> **Exercise directions**
Only the lines below from the one containing "Photo of property" through the one containing "Seat LEON 1.5" belong in the answer, set down exactly, with the pictures left out.

> **Record excerpts**
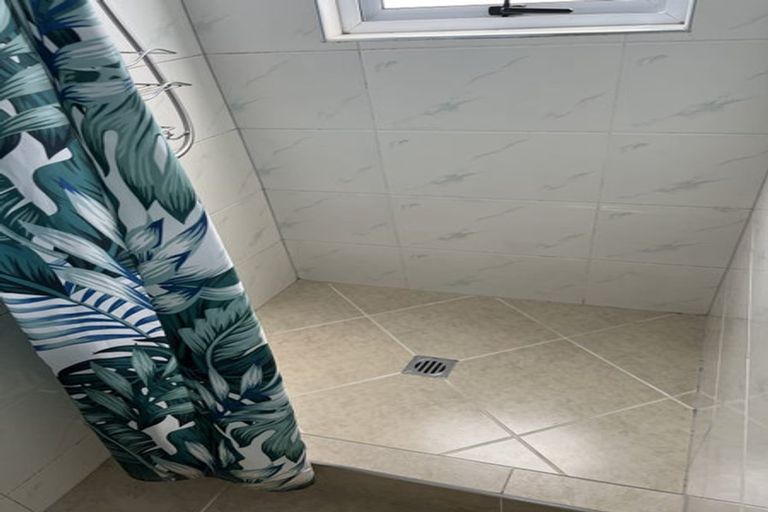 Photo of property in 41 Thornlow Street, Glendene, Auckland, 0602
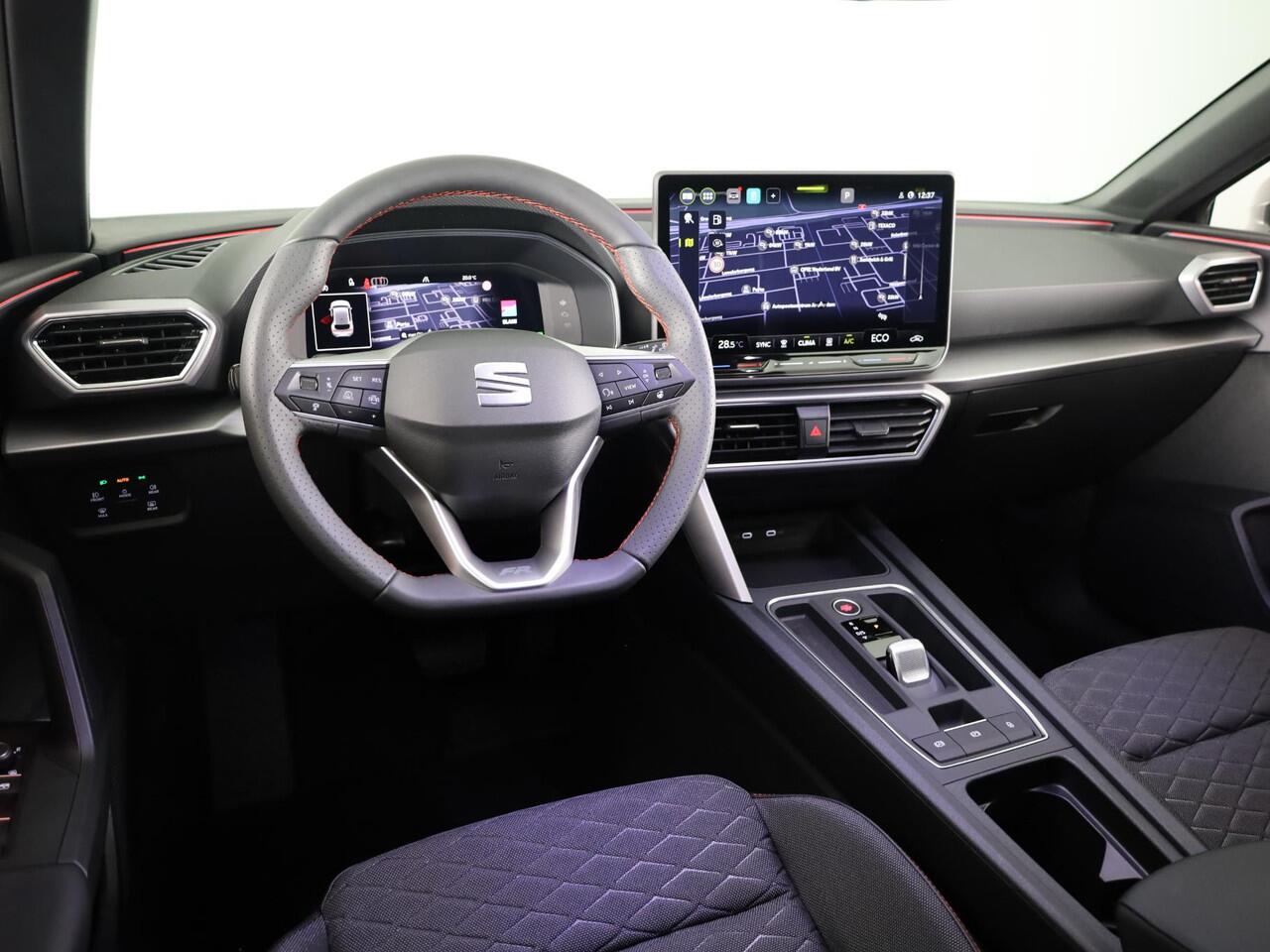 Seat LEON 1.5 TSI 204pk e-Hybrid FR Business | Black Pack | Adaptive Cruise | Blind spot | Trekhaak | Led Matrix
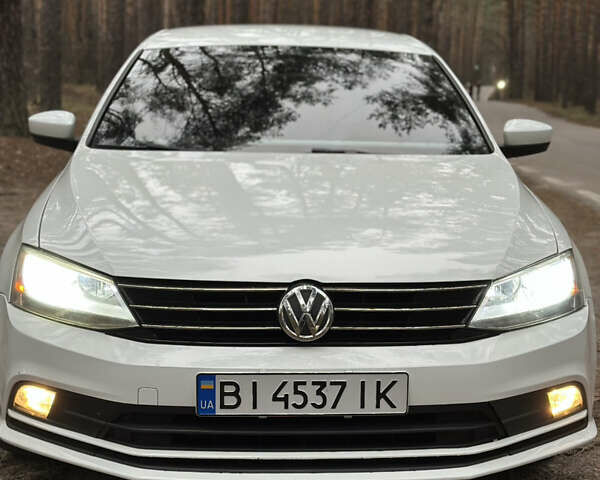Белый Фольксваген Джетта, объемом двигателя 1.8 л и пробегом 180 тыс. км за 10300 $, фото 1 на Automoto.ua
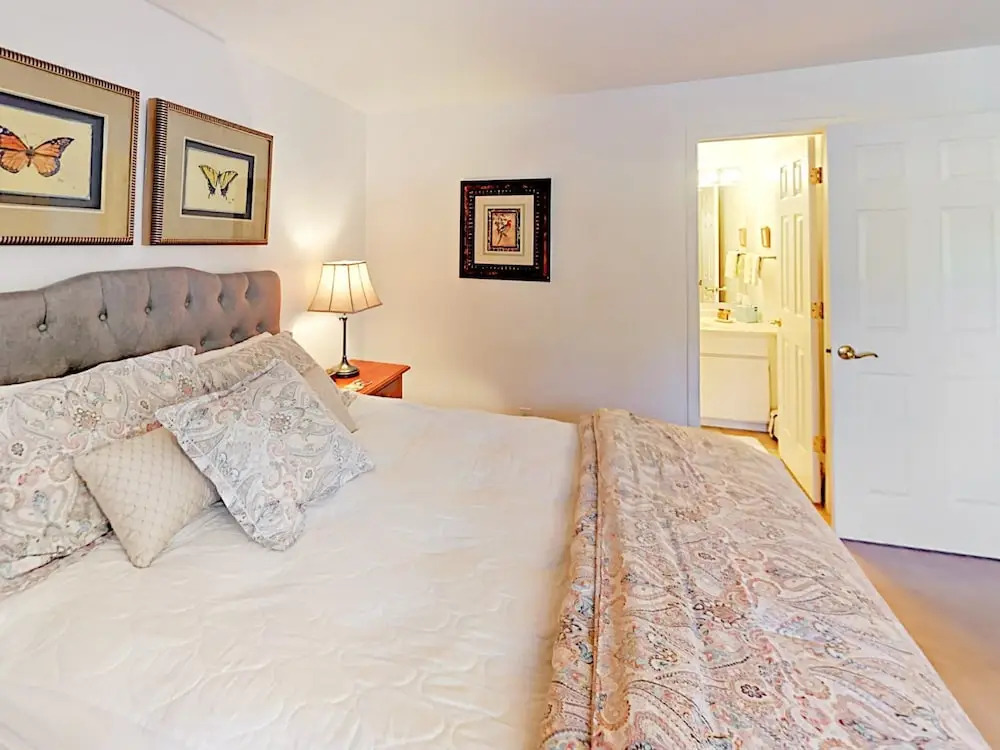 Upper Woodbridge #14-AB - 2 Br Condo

...

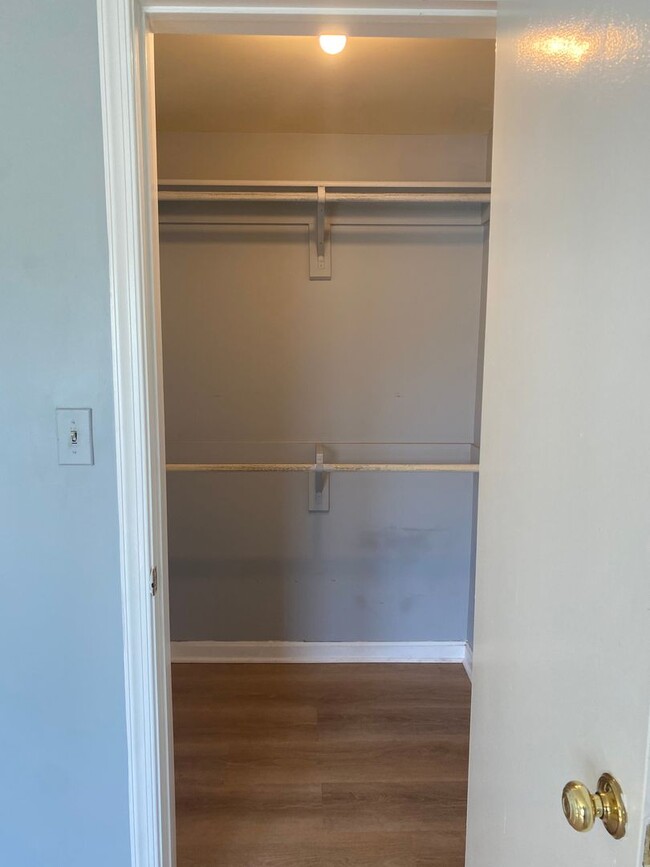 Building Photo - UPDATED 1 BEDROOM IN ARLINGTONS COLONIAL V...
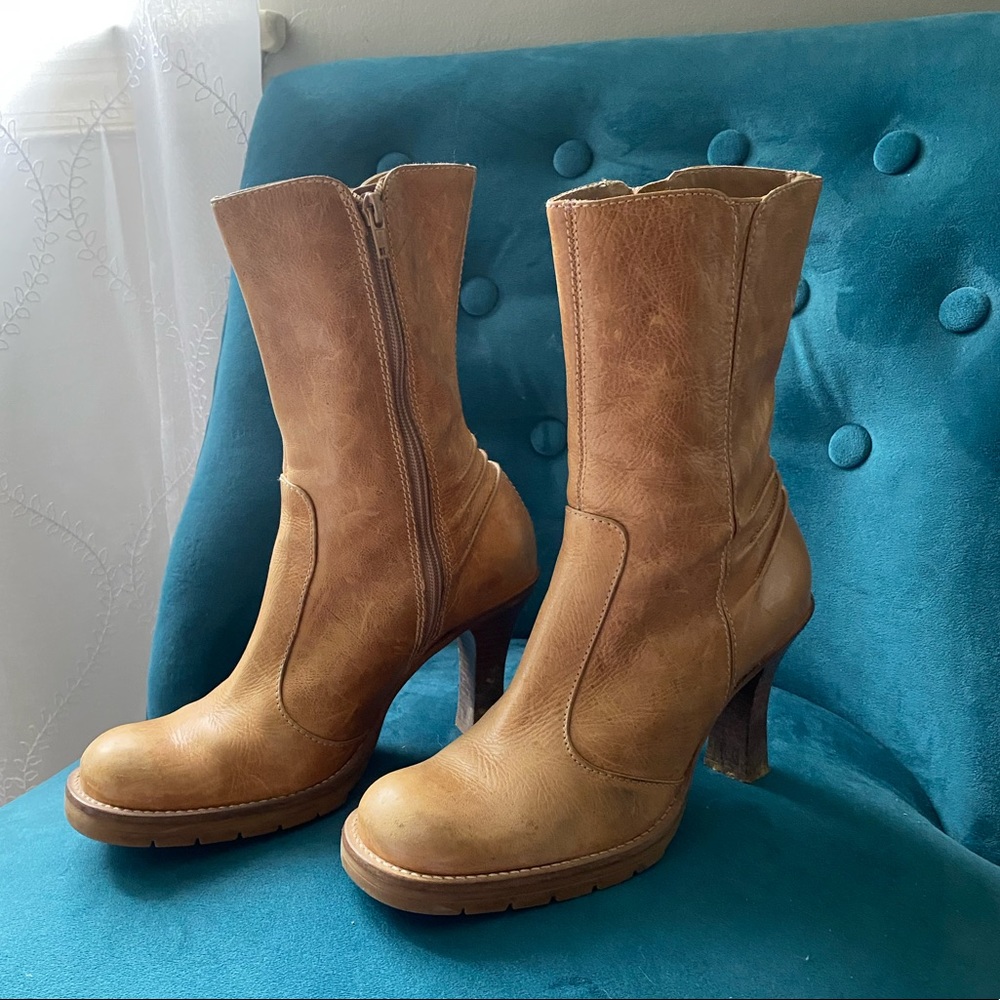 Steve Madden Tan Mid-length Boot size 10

==

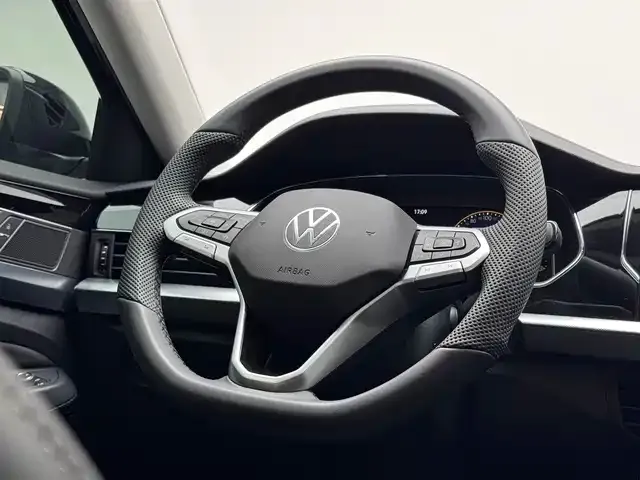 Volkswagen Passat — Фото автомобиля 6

> **Answer to this task**
 Photo of property in 41 Thornlow Street, Glendene, Auckland, 0602
 Seat LEON 1.5 TSI 204pk e-Hybrid FR Business | Black Pack | Adaptive Cruise | Blind spot | Trekhaak | Led Matrix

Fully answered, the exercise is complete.